Dans un contexte de déclin des institutions traditionnelles et de distance des jeunes à leur égard, les groupes de supporters, notamment ultras, semblent pouvoir jouer un rôle d'intégration sociale . Christian Bromberger parle ainsi pour les associations ultras de bachelleries (terme qualifiant les groupes de jeunes célibataires masculins au Moyen-Âge) où s'expérimentent « de façon tâtonnante et marginale, des formes de socialisation qui étaient naguère prises en charge par les grands appareils (religieux, politiques, syndicaux) sous la houlette d'adultes » 26 ( * ) . Les associations de supporters semblent ainsi constituer pour les jeunes un lieu de consolidation des identités individuelles et collectives . Après les rencontres, les groupes se retrouvent par exemple dans des bars, comme dans les cercles d'autrefois, lieux de sociabilité par excellence, où ils sont reconnus par les autres comme faisant partie d'une même famille. Les clivages sociaux sont en partie effacés, le médecin et le chômeur portant et défendant la même équipe, la même ville, et les mêmes couleurs.

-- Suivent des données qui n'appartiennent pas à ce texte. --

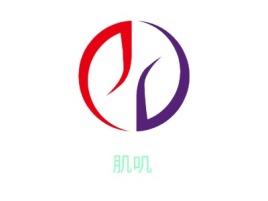 肌叽门店logo设计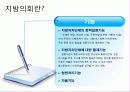 지방의회 전문성 6페이지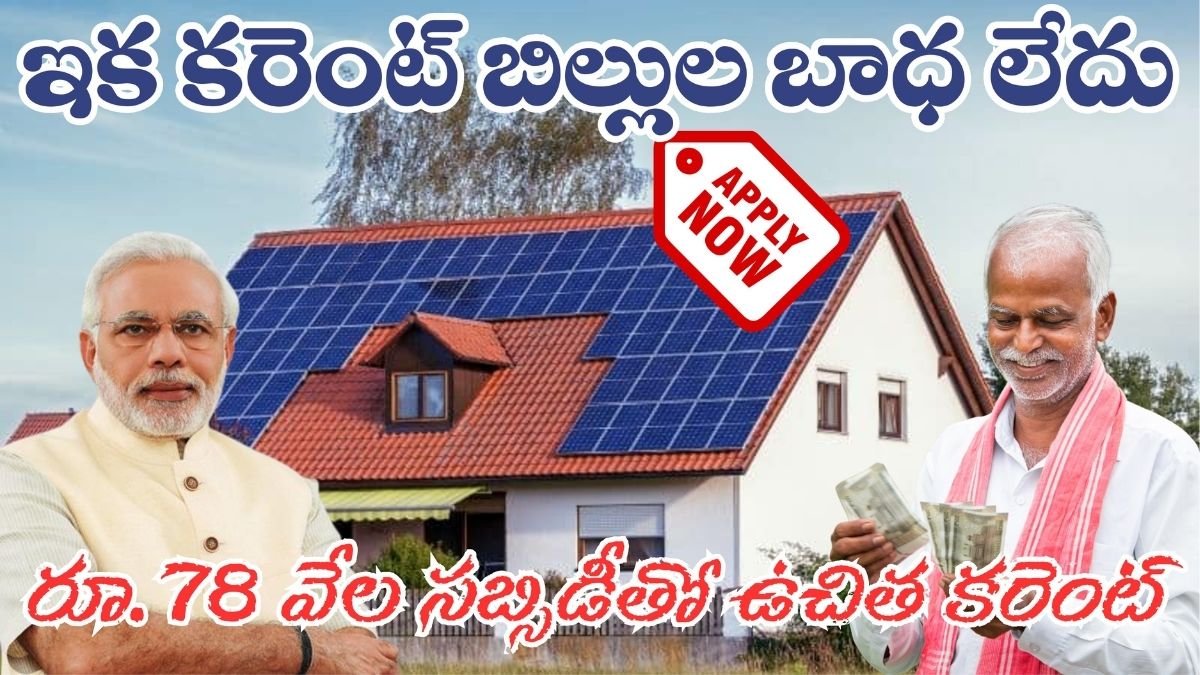 Solar Scheme Online Apply Process 2026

C. Bromberger cite un leader des Fighters, club ultra soutenant la Juventus de Turin déclarant, « ici au stade, je suis reconnu pour ce que j'ai fait, alors que dans mon travail, je ne suis reconnu pour rien ». Philippe Broussard, dans son ouvrage, Génération supporters , cite également un supporter évoquant le cas « d'un gars qui s'appelle Kronenbourg [au Paris Saint-Germain]. Personne ne sait ce qu'il fait dans la vie. Mais au stade, c'est une figure (...). A sa manière, il est quelqu'un ».

De façon positive, lorsqu'elles sont structurées et hiérarchisées, ces associations peuvent même faire office d'espaces d'apprentissage de la vie associative et militante , notamment quand les rétributions du militantisme consistent en une promotion interne au groupe. Christophe Uldry, président de l'association des Supras 27 ( * ) , a évoqué cet aspect de la vie des supporters dans son entretien devant le groupe de travail, en soulignant que les jeunes faisaient la démarche d'adhérer aux associations de supporters, qu'un rythme de vie leur était imposé et que la participation pouvait apporter une première formation aux plus jeunes de leurs membres.

Outre qu'elles constituent un réseau d'entraide pour leurs membres, ces associations participent également à des actions caritatives. Ainsi, les Supras parisiens ont-ils participé au collectif « remise en jeu », qui a pour but la réinsertion de sans-abris dans la société via l'organisation de matchs de football entre eux.

La question de la réussite d'intégration sociale des immigrés grâce aux structures de supporters n'est pas tranchée. Il semble que les processus d'identification favorables à l'intégration par le sport existent, bien que dans le stade, des marques de racisme subsistent. Selon Christian Bromberger, les populations d'origine maghrébine ont été de plus en plus nombreuses dans le stade vélodrome de l'Olympique de Marseille, mais « si l'identification à l'OM et à la ville est très forte, [...], leur insertion institutionnelle demeure faible : elles participent peu à la gestion et aux activités des associations de jeunes supporters ».

* 26 C. Bromberger, « Football, la bagatelle la plus sérieuse du monde », Bayard, Paris, 1998.

* 27 Auditionné par le groupe de travail le 18 avril 2007.